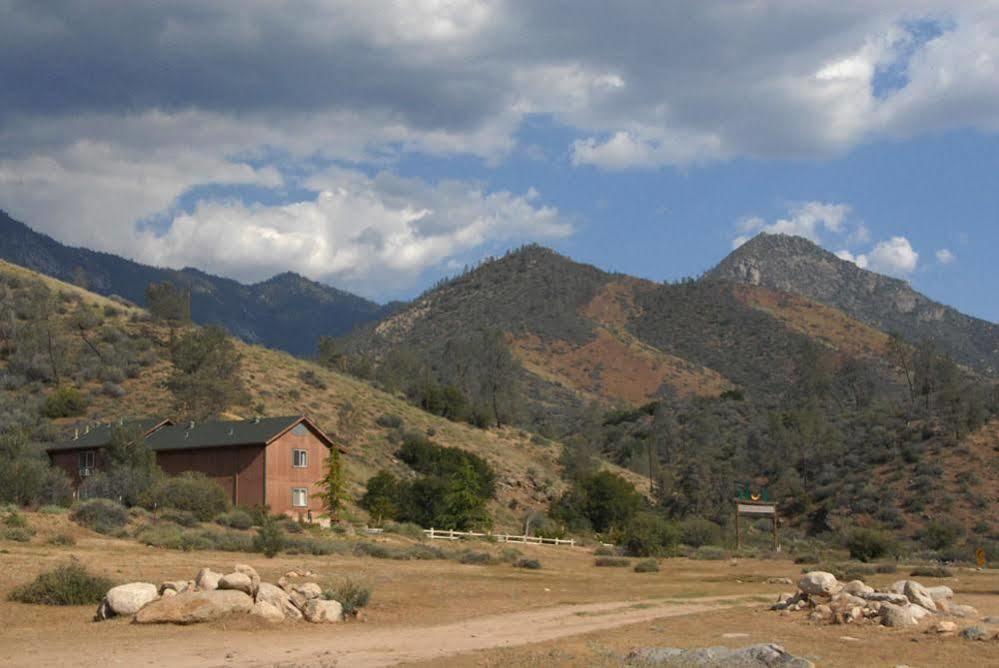 Corral Creek Lodge كيرنفيل المظهر الخارجي الصورة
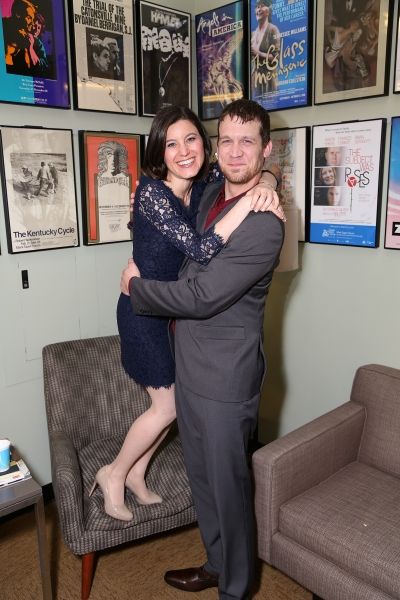 Photo Flash: Jonathan Groff, Guillermo Diaz and More Attend TRIBES Opening at CTG's Mark Taper Forum — photo 4 of 34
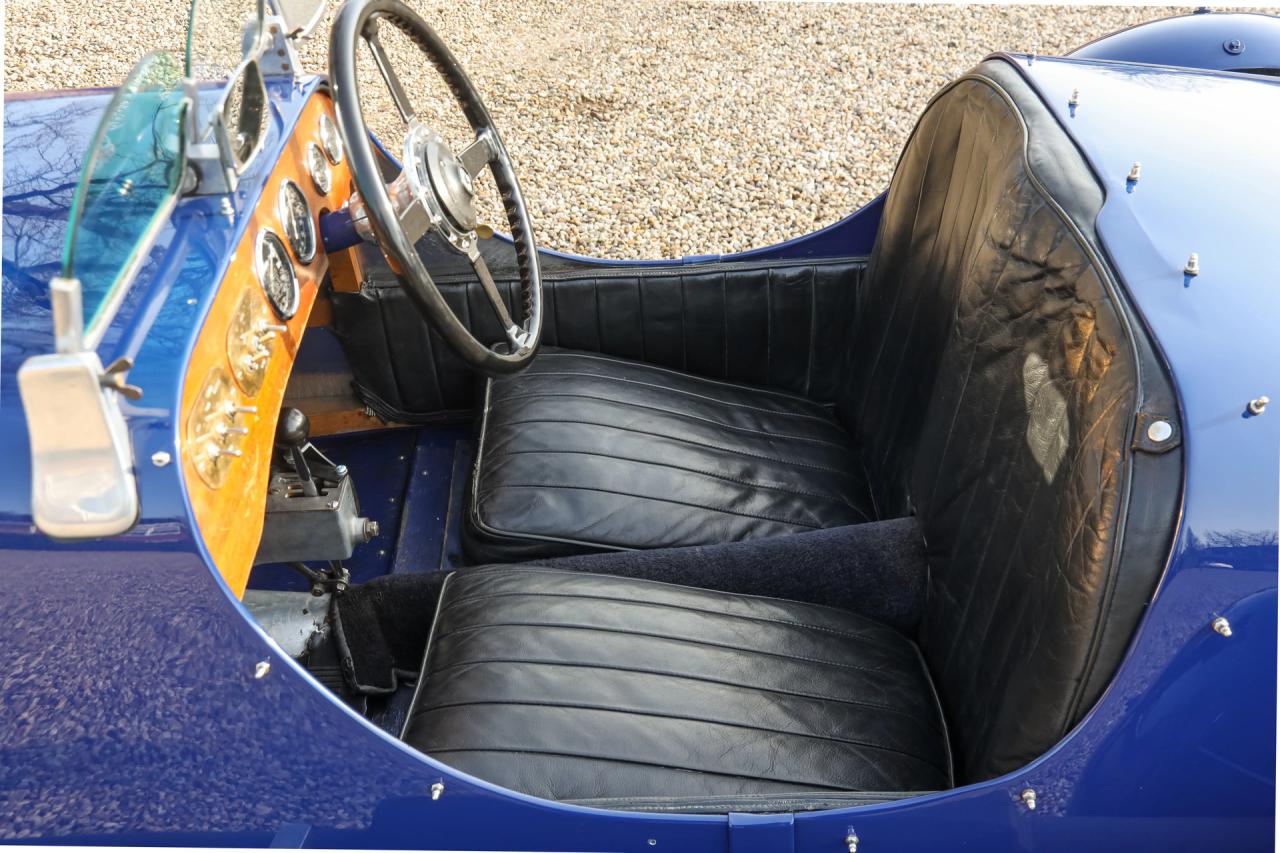 1934 Aston Martin Le Mans 1933 &ldquo;Faithful replica of the legendary LM10&rdquo;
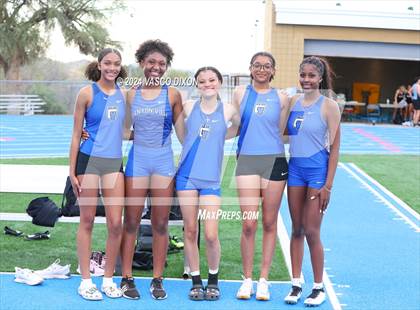 Thumbnail 1 in Estrella Foothills Invitational photogallery.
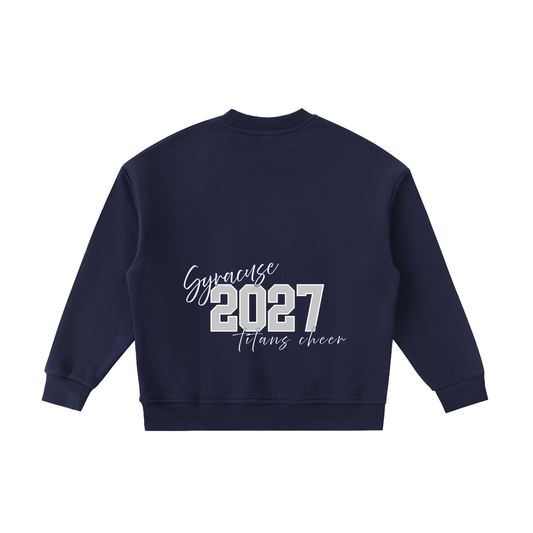 Essential Fleece Kids' Crewneck Sweatshirt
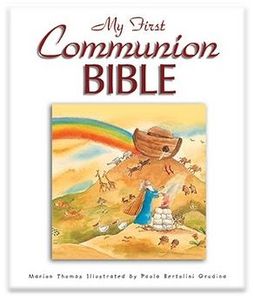 My First Communion Bible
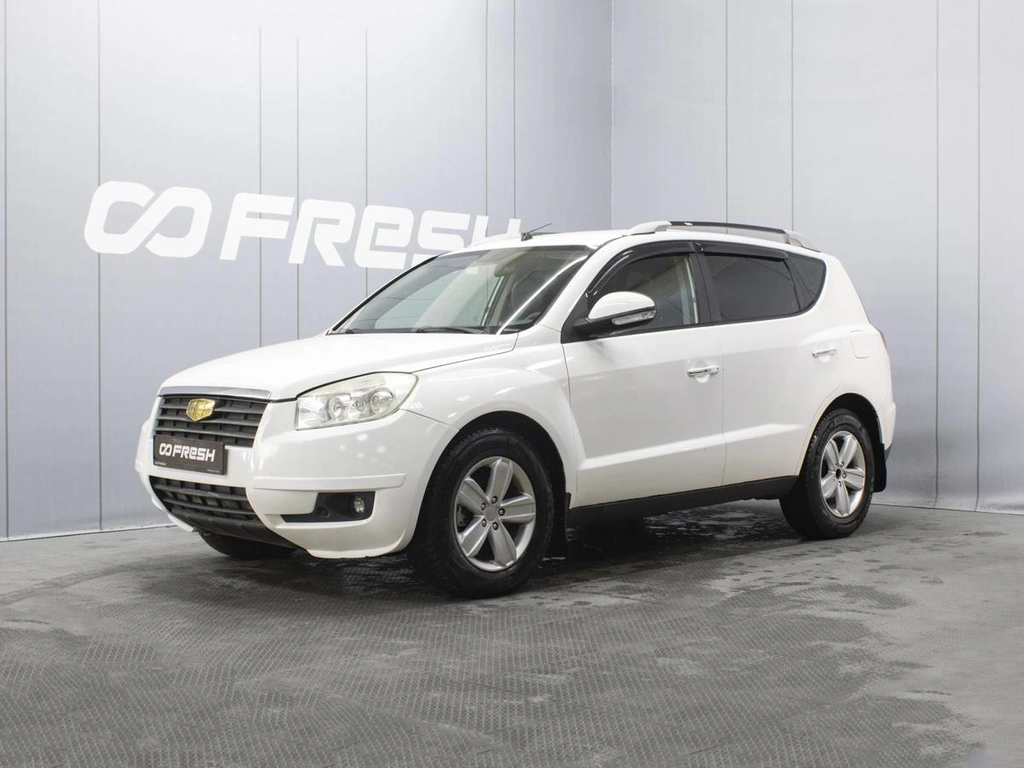 Внедорожник Geely Emgrand X7 2013 года, 550000 рублей, Омск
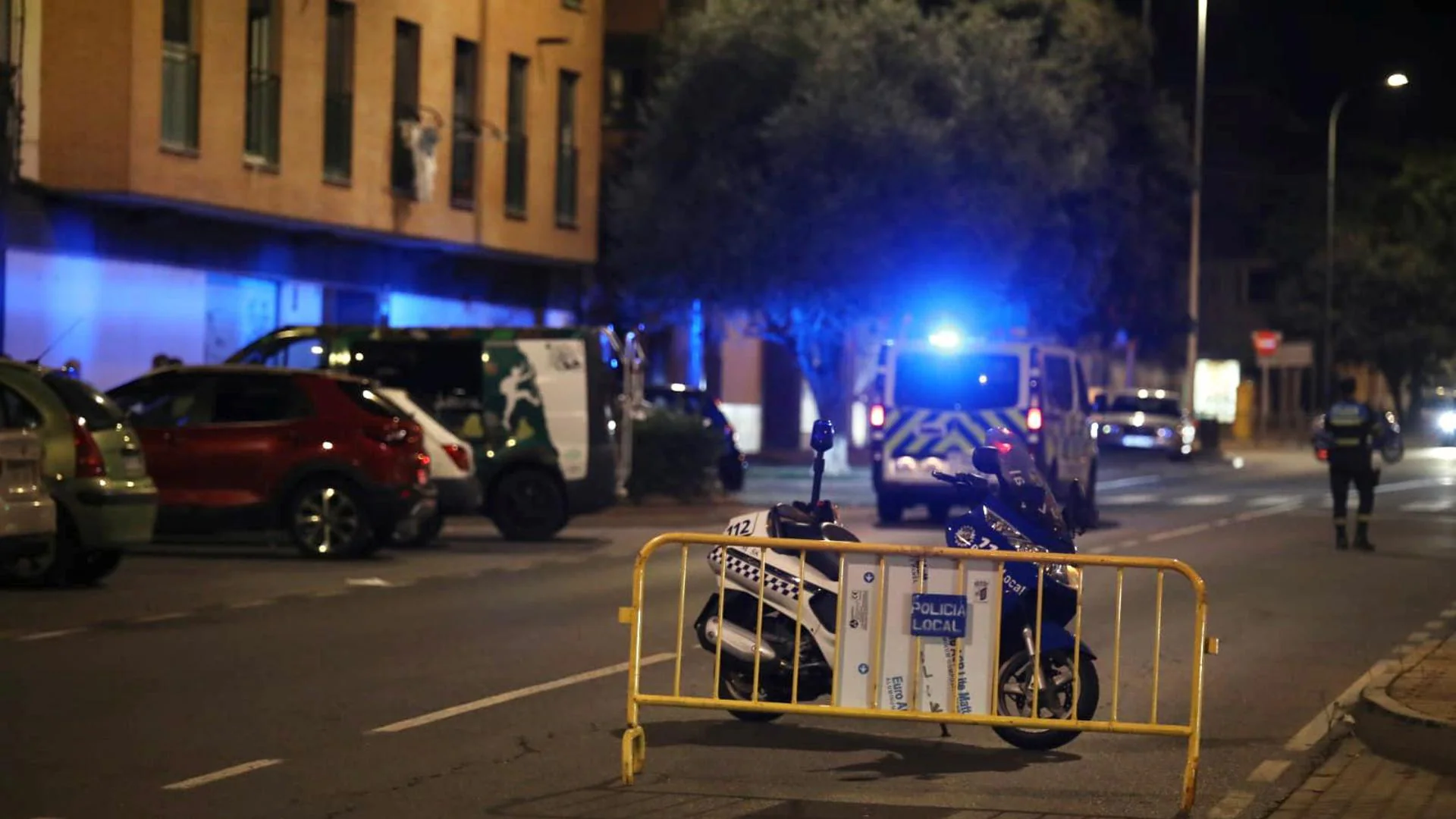 Problemas de ruidos en la ciudad de Salamanca, la Policía Local realiza tres actuaciones y registra una alcoholemia positiva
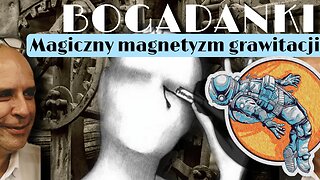 Bogadanki - Magiczny magnetyzm grawitacji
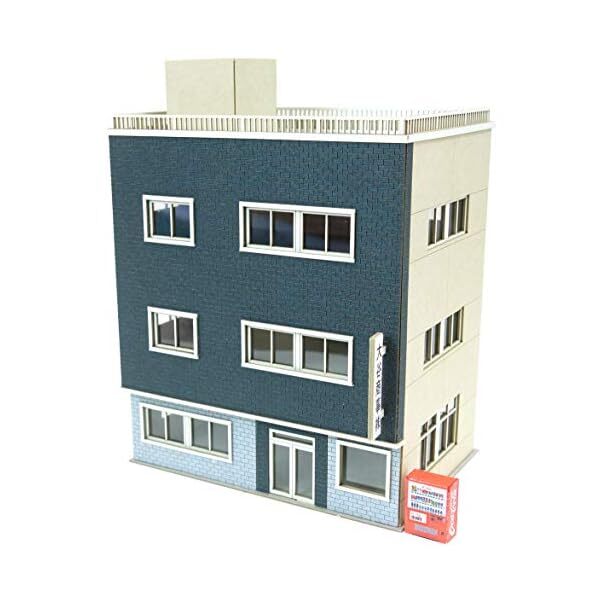 Sankei MP03-108 Building E From japan Official Collectible Exclusive Japan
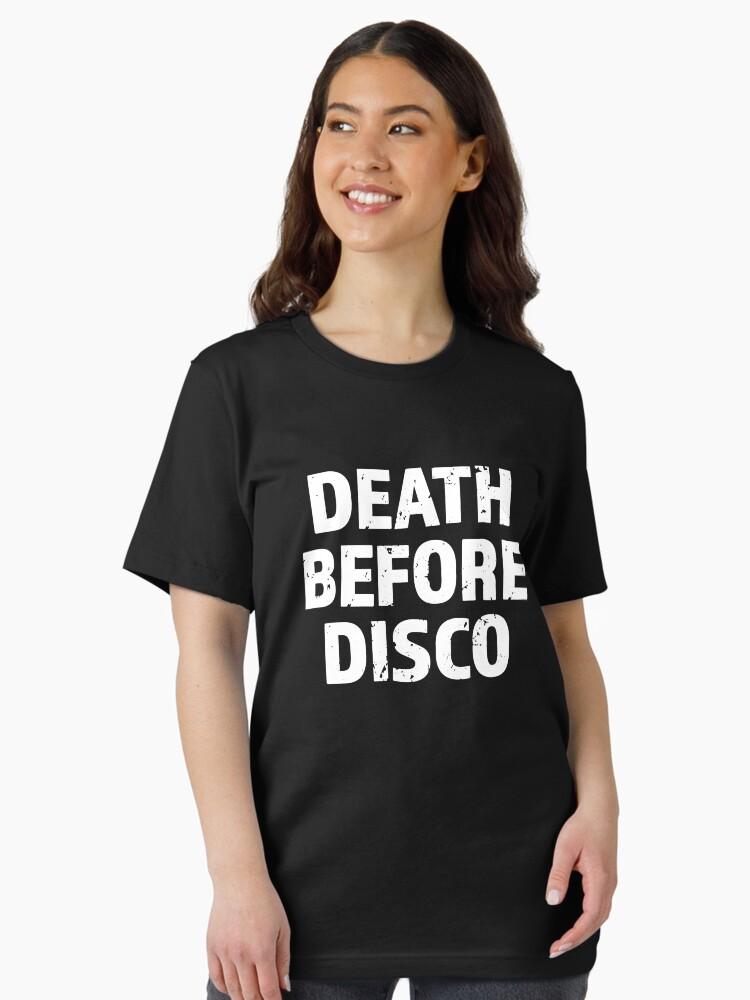 Tito Puente Death Before Disco Essential T-Shirt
* * * * * * * * *
[Instructions for the task] No pictures belong in the copy. Transcribe every entry exactly.

[Written response]
 Corral Creek Lodge كيرنفيل المظهر الخارجي الصورة
 Photo Flash: Jonathan Groff, Guillermo Diaz and More Attend TRIBES Opening at CTG's Mark Taper Forum — photo 4 of 34
 1934 Aston Martin Le Mans 1933 &ldquo;Faithful replica of the legendary LM10&rdquo;
 Thumbnail 1 in Estrella Foothills Invitational photogallery.
 Essential Fleece Kids' Crewneck Sweatshirt
 My First Communion Bible
 Внедорожник Geely Emgrand X7 2013 года, 550000 рублей, Омск
 Problemas de ruidos en la ciudad de Salamanca, la Policía Local realiza tres actuaciones y registra una alcoholemia positiva
 Bogadanki - Magiczny magnetyzm grawitacji
 Sankei MP03-108 Building E From japan Official Collectible Exclusive Japan
 Tito Puente Death Before Disco Essential T-Shirt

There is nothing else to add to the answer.